*Action item:* Copy out each line of the material below that holds the string "Casa".

-----

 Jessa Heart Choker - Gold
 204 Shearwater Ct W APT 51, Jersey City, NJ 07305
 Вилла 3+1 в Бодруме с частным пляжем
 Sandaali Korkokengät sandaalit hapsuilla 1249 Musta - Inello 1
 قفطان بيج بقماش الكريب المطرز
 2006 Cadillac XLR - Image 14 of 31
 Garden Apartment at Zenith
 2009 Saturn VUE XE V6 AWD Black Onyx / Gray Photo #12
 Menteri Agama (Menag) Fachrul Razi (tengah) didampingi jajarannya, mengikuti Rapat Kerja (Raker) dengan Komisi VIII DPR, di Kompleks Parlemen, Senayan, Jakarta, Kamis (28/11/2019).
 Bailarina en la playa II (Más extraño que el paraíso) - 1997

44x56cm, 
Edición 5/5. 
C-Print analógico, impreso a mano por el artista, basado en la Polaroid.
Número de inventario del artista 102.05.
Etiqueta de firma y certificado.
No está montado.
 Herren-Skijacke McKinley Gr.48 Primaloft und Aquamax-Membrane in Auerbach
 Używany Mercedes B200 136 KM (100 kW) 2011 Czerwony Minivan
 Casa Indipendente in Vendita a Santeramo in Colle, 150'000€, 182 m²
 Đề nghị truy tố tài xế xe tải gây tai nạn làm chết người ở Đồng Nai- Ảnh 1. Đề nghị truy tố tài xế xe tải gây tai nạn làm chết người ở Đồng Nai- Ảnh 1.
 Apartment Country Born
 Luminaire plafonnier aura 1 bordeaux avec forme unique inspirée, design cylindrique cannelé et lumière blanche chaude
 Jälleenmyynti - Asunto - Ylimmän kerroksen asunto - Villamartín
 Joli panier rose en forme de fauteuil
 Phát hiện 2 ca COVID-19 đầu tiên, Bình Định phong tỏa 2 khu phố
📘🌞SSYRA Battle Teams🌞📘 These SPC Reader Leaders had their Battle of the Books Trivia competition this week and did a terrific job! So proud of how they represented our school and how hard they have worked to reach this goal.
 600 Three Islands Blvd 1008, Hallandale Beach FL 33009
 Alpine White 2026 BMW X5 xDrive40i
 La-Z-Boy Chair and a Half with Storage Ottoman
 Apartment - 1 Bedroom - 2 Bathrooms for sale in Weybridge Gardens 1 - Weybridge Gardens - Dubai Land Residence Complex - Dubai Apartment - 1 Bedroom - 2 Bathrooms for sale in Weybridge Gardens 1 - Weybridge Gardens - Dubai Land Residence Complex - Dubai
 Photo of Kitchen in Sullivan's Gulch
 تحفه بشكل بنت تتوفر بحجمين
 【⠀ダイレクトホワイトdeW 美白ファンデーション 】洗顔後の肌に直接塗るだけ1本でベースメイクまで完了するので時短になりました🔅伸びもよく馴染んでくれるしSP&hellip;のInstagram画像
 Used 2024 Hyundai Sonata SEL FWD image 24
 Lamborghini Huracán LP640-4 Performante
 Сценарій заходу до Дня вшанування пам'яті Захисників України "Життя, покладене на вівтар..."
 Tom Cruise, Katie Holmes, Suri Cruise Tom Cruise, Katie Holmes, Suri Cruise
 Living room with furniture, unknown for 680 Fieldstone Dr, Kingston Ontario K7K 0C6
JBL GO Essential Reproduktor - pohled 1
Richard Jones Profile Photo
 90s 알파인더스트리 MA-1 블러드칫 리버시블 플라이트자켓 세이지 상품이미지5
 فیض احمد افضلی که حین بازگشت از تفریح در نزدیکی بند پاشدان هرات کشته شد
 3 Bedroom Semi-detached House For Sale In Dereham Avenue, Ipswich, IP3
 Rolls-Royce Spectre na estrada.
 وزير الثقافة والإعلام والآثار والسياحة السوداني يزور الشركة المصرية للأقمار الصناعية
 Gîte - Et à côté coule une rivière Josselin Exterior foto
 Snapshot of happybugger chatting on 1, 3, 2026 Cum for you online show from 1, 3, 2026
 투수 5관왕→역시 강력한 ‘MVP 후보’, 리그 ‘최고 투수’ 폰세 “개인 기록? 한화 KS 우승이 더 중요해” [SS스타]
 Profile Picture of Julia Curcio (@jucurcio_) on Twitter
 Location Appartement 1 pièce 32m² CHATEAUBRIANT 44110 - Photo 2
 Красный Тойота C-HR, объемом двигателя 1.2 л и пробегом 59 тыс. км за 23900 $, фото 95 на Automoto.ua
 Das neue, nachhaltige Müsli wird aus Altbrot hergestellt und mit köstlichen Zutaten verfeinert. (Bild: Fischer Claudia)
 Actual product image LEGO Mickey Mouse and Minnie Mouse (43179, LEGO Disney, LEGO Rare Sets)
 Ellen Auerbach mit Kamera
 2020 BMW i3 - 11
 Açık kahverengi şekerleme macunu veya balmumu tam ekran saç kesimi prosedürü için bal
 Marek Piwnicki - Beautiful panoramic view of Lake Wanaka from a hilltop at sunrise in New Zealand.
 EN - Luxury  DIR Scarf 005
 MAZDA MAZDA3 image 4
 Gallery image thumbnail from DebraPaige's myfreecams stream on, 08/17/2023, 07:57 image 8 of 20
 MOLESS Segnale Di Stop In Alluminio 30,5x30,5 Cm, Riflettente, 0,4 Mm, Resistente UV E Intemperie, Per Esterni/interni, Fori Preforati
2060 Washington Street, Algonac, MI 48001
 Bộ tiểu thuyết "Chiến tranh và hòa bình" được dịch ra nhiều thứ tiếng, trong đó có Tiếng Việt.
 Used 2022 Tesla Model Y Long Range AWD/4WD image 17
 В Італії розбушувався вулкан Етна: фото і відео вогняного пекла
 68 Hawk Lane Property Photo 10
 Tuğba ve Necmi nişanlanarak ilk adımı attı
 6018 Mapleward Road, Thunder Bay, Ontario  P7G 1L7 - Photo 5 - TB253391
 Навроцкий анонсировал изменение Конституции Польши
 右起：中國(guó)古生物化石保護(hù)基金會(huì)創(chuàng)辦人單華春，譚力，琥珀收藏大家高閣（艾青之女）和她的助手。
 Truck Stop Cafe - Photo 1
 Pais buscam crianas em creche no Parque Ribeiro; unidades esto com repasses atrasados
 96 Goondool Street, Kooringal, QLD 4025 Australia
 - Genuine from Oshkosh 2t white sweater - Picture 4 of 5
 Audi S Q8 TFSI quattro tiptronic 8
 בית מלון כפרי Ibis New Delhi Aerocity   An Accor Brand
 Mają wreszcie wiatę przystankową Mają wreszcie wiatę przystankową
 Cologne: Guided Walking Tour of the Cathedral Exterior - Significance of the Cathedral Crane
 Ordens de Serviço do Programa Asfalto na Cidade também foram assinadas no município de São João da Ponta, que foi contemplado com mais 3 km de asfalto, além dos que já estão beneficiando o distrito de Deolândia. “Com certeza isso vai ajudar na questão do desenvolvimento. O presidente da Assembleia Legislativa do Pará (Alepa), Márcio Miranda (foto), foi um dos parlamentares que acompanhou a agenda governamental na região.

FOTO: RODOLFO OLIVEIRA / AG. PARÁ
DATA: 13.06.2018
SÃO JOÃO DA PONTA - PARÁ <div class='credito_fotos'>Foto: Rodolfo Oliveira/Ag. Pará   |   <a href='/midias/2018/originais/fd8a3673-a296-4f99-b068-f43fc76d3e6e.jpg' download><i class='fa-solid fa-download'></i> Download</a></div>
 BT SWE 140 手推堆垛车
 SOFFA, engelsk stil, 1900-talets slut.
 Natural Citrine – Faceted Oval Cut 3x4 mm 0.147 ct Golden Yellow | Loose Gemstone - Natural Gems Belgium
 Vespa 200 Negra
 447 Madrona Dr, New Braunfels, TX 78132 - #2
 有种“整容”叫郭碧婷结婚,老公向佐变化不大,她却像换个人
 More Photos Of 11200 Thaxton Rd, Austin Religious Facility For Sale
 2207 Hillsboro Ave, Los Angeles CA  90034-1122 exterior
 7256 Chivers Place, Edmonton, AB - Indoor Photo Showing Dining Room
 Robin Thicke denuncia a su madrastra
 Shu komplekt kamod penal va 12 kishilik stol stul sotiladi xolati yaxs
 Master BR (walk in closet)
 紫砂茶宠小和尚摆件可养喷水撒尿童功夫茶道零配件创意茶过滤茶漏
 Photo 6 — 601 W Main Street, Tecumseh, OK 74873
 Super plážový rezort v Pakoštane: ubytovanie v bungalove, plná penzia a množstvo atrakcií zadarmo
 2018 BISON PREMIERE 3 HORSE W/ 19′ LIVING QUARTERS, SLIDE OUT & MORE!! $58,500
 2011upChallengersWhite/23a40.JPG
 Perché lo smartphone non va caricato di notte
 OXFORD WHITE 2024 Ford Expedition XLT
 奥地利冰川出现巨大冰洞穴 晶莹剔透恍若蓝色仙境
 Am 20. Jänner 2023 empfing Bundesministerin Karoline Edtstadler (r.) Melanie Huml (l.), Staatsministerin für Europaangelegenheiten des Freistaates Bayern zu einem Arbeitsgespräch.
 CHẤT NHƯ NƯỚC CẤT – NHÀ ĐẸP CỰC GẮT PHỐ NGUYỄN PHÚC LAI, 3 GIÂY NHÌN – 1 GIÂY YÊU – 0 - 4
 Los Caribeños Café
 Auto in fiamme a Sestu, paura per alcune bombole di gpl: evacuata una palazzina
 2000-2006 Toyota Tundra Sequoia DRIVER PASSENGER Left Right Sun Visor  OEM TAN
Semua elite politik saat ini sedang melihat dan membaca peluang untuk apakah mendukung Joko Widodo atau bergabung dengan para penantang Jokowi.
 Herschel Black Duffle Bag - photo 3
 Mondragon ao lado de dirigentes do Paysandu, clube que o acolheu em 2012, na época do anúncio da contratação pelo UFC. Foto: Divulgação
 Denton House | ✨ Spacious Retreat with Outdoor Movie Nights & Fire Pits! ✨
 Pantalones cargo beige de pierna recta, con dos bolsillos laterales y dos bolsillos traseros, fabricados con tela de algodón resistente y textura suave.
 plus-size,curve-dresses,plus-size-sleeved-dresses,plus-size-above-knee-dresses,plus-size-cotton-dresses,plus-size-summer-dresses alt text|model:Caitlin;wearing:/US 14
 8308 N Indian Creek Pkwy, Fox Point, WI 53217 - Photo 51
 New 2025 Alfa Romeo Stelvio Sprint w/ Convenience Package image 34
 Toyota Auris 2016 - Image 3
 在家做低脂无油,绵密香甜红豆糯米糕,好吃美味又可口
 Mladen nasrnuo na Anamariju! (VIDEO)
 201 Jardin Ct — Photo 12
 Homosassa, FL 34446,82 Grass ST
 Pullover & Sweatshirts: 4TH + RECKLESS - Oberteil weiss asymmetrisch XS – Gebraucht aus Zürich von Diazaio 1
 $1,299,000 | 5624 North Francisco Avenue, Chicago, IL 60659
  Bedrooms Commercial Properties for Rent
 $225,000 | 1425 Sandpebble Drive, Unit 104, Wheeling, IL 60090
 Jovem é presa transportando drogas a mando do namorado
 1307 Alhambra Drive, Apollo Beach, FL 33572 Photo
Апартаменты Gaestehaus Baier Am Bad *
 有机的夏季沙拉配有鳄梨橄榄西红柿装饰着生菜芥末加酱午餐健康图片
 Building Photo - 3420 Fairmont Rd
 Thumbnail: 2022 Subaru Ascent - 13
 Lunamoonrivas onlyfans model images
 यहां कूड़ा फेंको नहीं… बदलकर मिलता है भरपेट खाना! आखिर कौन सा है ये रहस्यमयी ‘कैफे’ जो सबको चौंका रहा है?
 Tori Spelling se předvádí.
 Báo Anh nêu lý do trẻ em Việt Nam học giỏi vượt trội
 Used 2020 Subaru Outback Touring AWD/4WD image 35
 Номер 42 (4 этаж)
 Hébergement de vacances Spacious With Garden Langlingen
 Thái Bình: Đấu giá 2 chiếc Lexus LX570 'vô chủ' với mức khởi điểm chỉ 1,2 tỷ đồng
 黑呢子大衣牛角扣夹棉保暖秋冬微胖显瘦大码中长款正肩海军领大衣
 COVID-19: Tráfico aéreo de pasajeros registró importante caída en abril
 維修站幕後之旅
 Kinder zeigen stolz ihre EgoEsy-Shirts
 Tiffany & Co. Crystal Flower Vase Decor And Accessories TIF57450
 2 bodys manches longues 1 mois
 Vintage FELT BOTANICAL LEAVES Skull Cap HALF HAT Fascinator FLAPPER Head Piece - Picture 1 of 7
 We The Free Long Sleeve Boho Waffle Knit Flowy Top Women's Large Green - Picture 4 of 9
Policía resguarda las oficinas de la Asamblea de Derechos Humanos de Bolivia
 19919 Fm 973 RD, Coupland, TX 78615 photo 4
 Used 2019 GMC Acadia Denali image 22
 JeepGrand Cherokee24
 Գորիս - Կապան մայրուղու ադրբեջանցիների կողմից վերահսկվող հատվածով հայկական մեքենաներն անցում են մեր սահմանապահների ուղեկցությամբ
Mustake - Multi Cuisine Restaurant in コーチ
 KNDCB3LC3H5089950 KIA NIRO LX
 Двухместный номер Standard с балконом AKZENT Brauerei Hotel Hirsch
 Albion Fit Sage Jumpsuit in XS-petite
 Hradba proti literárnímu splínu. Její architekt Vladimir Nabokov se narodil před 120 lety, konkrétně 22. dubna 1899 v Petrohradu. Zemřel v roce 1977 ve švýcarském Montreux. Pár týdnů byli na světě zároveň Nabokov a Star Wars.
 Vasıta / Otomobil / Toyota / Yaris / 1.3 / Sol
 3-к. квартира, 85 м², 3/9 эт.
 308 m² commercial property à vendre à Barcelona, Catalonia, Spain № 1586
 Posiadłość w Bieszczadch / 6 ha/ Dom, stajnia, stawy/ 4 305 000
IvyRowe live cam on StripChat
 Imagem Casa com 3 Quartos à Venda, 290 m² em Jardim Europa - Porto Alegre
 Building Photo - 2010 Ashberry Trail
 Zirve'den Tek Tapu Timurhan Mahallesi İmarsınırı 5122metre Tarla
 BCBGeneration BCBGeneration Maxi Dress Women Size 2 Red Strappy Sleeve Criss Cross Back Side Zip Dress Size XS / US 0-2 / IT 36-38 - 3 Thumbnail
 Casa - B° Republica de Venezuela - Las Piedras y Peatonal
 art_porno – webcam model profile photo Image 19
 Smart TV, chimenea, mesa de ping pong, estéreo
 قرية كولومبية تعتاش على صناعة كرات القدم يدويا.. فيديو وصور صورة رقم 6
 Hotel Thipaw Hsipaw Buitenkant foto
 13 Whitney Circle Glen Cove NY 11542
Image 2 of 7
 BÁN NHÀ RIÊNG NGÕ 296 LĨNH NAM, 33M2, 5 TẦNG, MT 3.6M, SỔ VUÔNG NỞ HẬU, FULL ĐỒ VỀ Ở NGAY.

-----

*Task answer:*
 Casa Indipendente in Vendita a Santeramo in Colle, 150'000€, 182 m²
 Imagem Casa com 3 Quartos à Venda, 290 m² em Jardim Europa - Porto Alegre
 Casa - B° Republica de Venezuela - Las Piedras y Peatonal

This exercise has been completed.